The Google parent company joined fellow tech giants Apple Inc. (NASDAQ: AAPL), which crossed the mark in August 2018, and Microsoft Corporation (NASDAQ: MSFT), who joined a year later in August 2019.
Seattle-based e-commerce behemoth Amazon.com Inc. (NASDAQ: AMZN) briefly joined the club in September 2018, but has since slipped to $931 billion.
The Saudi Arabian Oil Company, or Saudi Aramco, overtook Apple as the world’s most valued company in December after raising a record IPO. Aramco is valued at $1.84 trillion, crossing the $2 trillion mark briefly last month.
China’s state-owned PetroChina Company Ltd. (NYSE: PTR) was the world’s first company to cross $1 trillion in market cap in 2007, but things went downhill soon after.
Alphabet Seeing Rapid Growth
Alphabet took 47 trading days to reach $1 trillion from $900 billion, according to the Dow Jones Market Data reported by the Wall Street Journal.
This is the fastest that the company has ever made $100 billion. The company grew from $800 to $900 billion in two years, the data shows.
The increase in growth pace comes as Alphabet posted a 22% year-on-year growth in revenue in the third quarter of 2019, with revenue from advertising and cloud computing on the rise.

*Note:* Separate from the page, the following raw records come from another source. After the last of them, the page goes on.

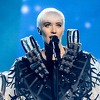 Finale Eurosonga: Nina Kraljić "rasturila" samouvjerenom izvedbom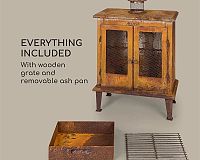 Blumfeldt Flame Locker príslušenstvo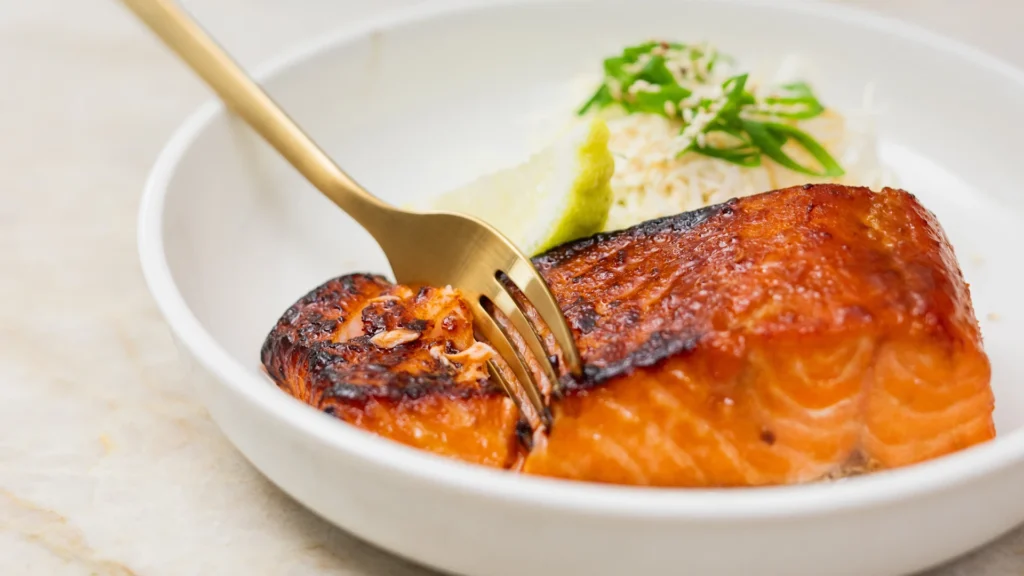 Consistently exceptional flavour and texture.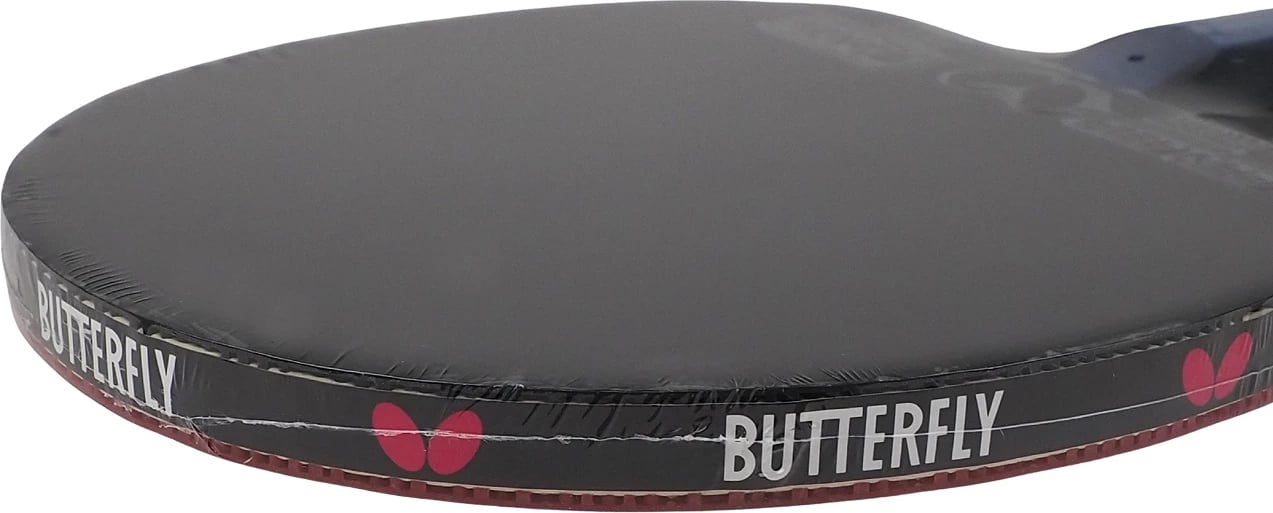 Reket ping pong Butterfly për meshkuj Dang Qiu DQX2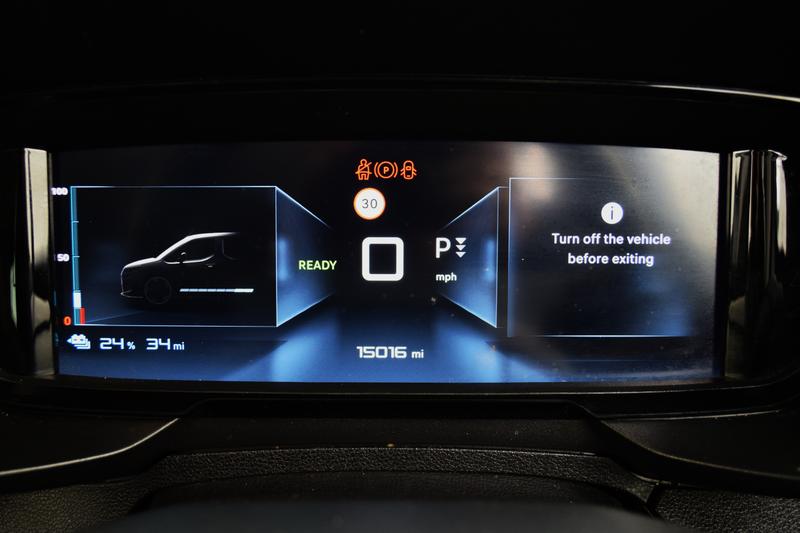 Used Citroen Berlingo for sale - 78136857: Photo 21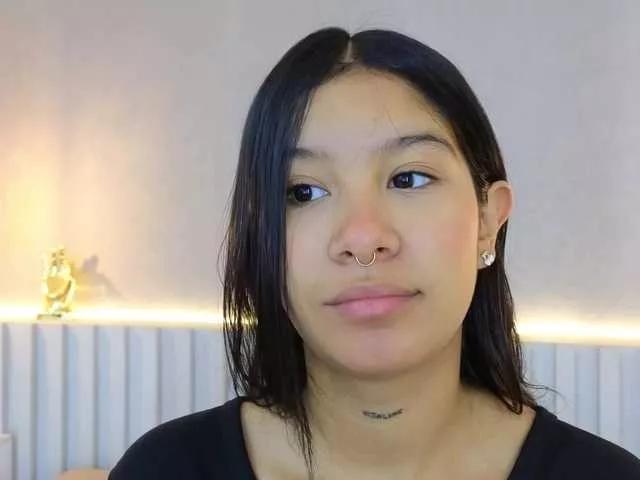 Aida-Moreno from BongaCams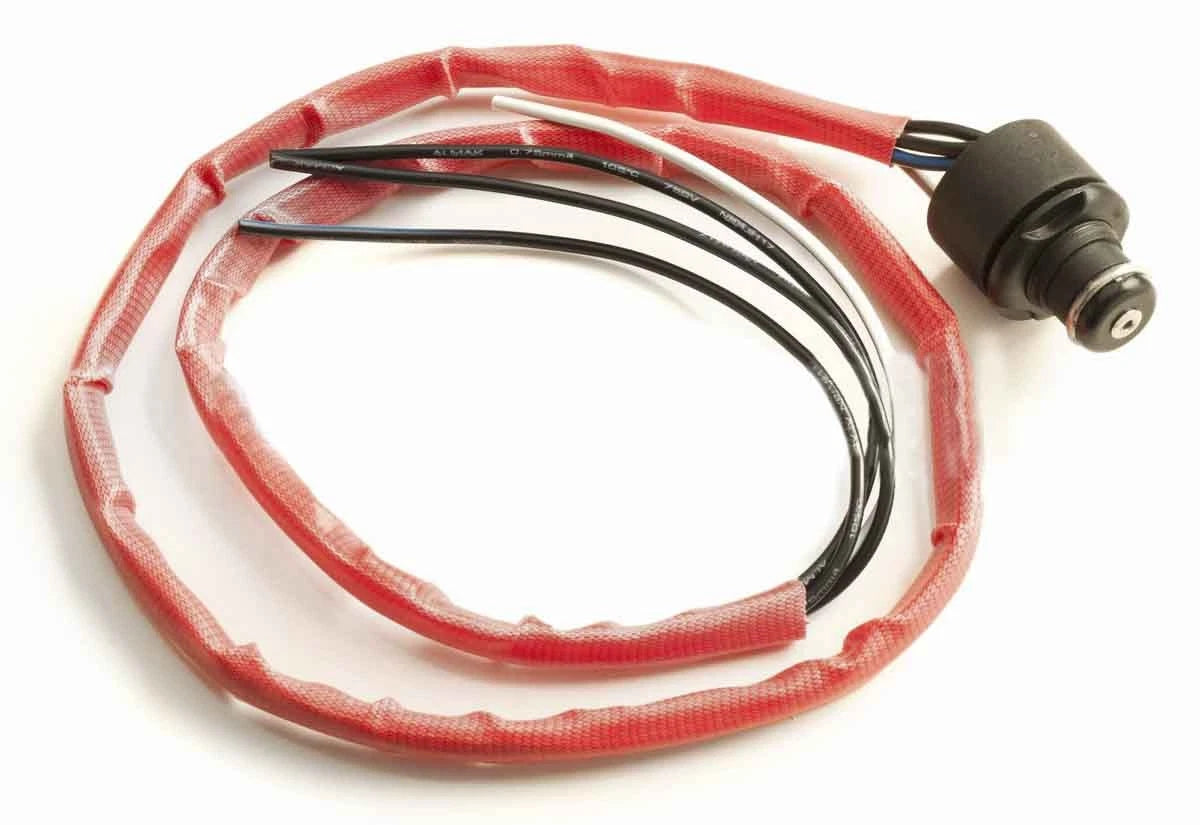 Sea Doo Dess Post Safety Kill Switch 4 Wire for GTX 155/SC 215 (2007–2009)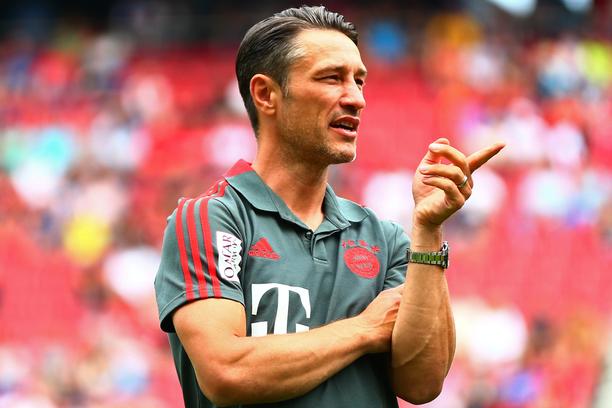 Niko Kovač, Niko Kovač, Bayern, bc bayern, Bayern München, Niko Kovač, Lionel Messi, Niko Kovač, Bayern München, Bayern, Niko Kovač, Bayer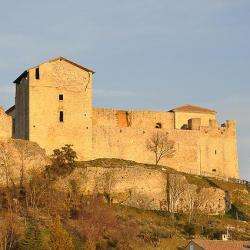 Château Des Templiers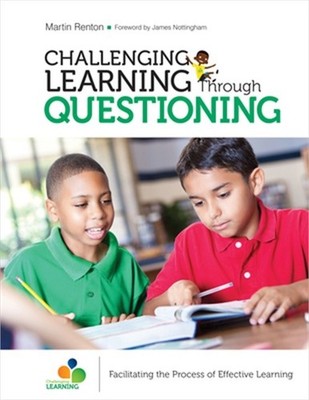 Challenging Learning Through Questioning: Facilitating the Process of Effective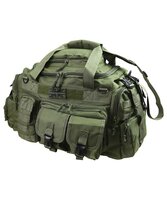 Kombat Luggage Saxon Holdall Carry All 35ltr. Olive Green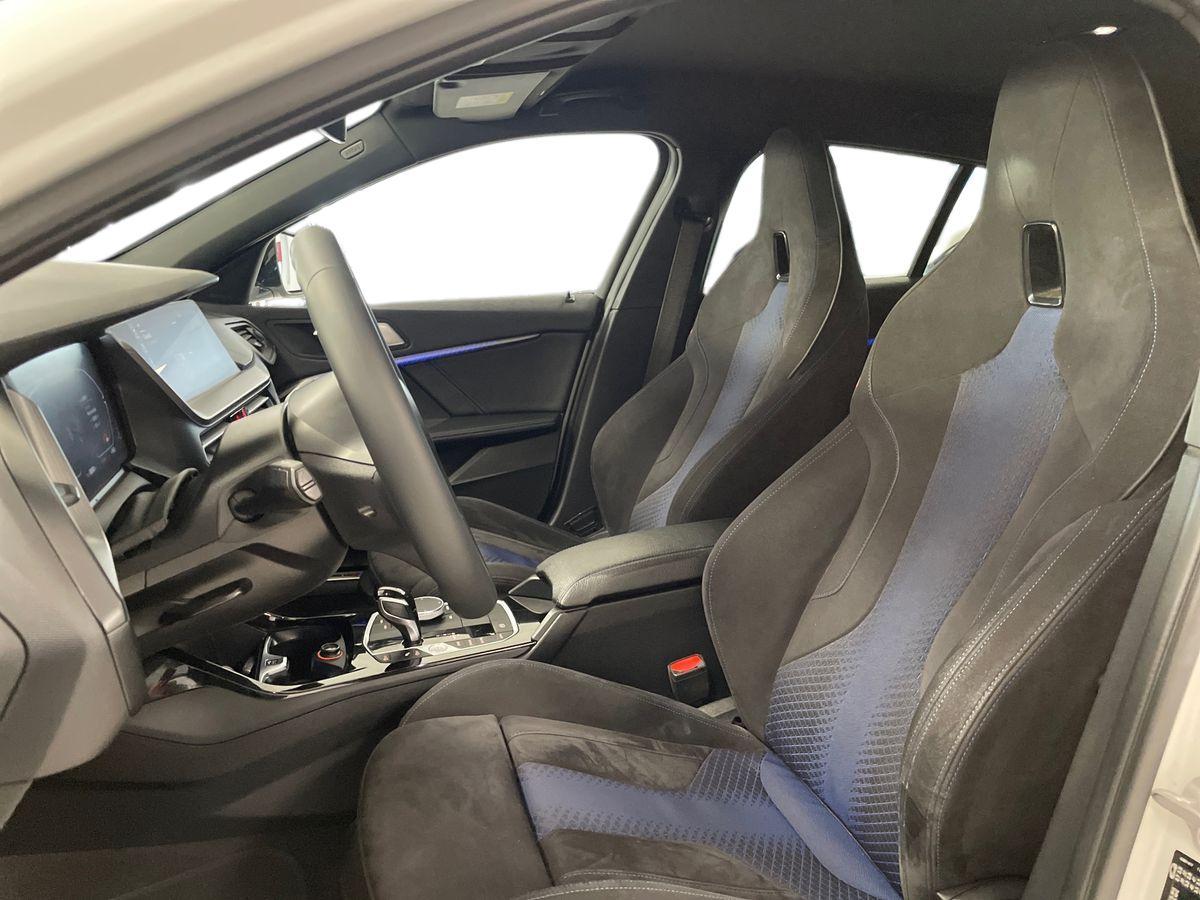 BMW Serie 1 F40 - 116d Msport auto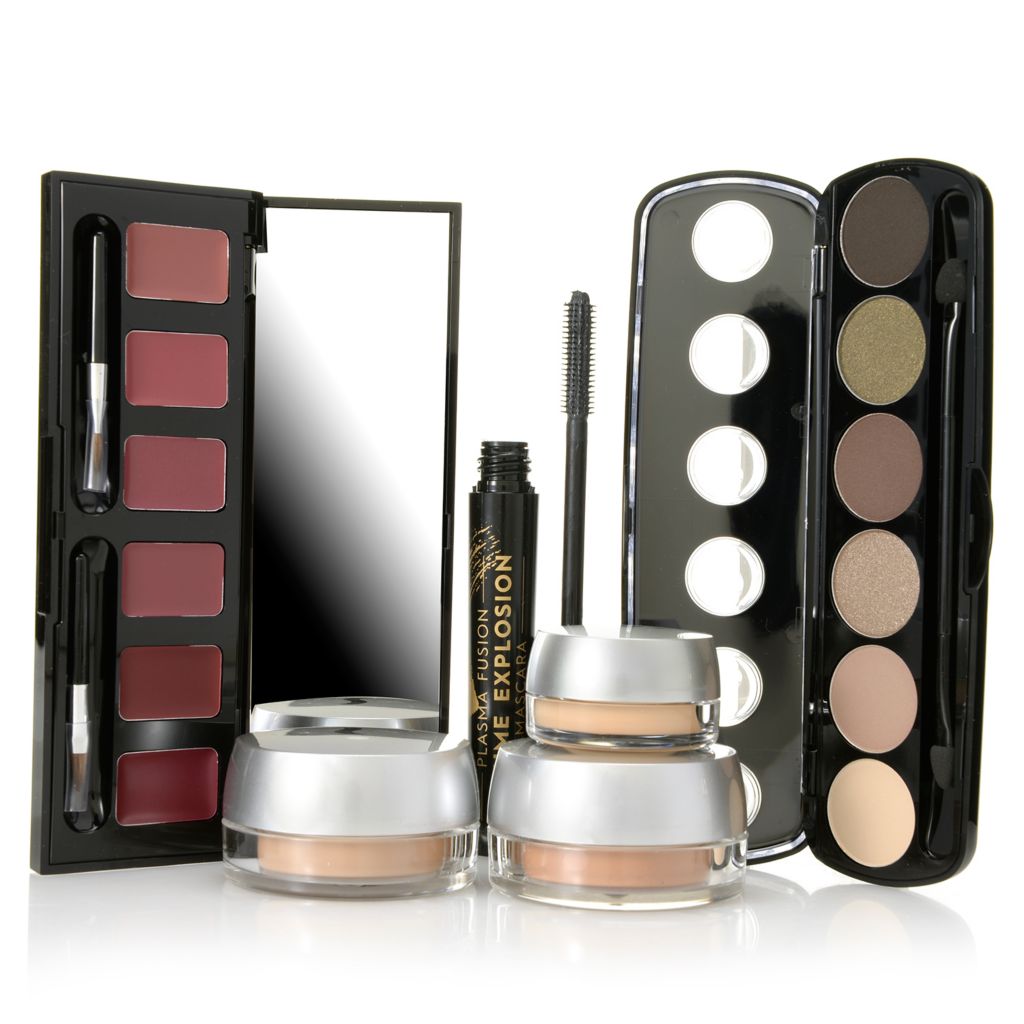 31 - Skinn Cosmetics Six-Piece Plasma Makeover Color Collection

The revenue from the cloud business doubled, reaching $2 billion by July 2019 from February 2018, CNBC noted.
Alphabet is expected to post the fourth-quarter results after the market’s close on February 3, and analysts are expecting the company to post $46.9 billion in revenue, up 19.5% compared to the same quarter last year.
The fourth-quarter results will be important to Alphabet, as it faces increased pressure to justify its valuation after joining the trillion dollar club.
Pichai Inspires Investor Confidence
According to the Journal, the company’s investors have also expressed greater confidence in Sundar Pichai, who took over as the conglomerate’s CEO in December, when founders Sergey Brin and Larry Page stepped down from managerial roles.
Most of Pichai’s additional earnings, who gets a $2 million paycheck, are tied to the company’s stock performance, as a filing with the Securities and Exchange Commission last December had shown.
This could mean that Pichai might increase share buybacks or institute a dividend payment for the first time in Google’s history, the Journal noted.
Alphabet’s Class A shares closed 0.76% higher at $1,450.16 on Thursday. The shares added another 0.28% in after-hours trading.